#### Exercise details:
Which of the lines below hold "Chart"? Please return each one.

#### Records for this exercise:
____

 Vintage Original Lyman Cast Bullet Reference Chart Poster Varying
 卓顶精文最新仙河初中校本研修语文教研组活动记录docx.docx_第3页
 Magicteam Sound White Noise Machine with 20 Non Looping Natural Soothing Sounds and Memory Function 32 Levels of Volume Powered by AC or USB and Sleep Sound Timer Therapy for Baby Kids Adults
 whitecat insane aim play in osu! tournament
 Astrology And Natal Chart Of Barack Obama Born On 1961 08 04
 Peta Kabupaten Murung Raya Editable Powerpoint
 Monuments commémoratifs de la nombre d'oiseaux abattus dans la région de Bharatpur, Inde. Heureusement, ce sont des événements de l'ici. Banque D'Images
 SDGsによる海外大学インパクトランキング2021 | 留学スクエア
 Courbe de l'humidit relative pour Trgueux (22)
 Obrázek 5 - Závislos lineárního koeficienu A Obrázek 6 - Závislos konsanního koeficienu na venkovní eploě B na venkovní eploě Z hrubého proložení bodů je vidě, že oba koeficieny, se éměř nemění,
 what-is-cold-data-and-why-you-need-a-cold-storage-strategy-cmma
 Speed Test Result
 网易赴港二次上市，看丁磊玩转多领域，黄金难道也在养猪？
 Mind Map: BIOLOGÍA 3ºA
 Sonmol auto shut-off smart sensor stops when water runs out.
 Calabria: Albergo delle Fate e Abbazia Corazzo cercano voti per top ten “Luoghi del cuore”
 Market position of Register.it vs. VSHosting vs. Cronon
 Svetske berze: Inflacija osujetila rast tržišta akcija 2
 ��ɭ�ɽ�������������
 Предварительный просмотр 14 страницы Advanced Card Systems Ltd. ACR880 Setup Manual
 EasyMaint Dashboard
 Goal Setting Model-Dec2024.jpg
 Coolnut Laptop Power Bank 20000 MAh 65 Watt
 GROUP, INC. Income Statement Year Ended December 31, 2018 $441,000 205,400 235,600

____

#### Reply to the task:
 Vintage Original Lyman Cast Bullet Reference Chart Poster Varying
 Astrology And Natal Chart Of Barack Obama Born On 1961 08 04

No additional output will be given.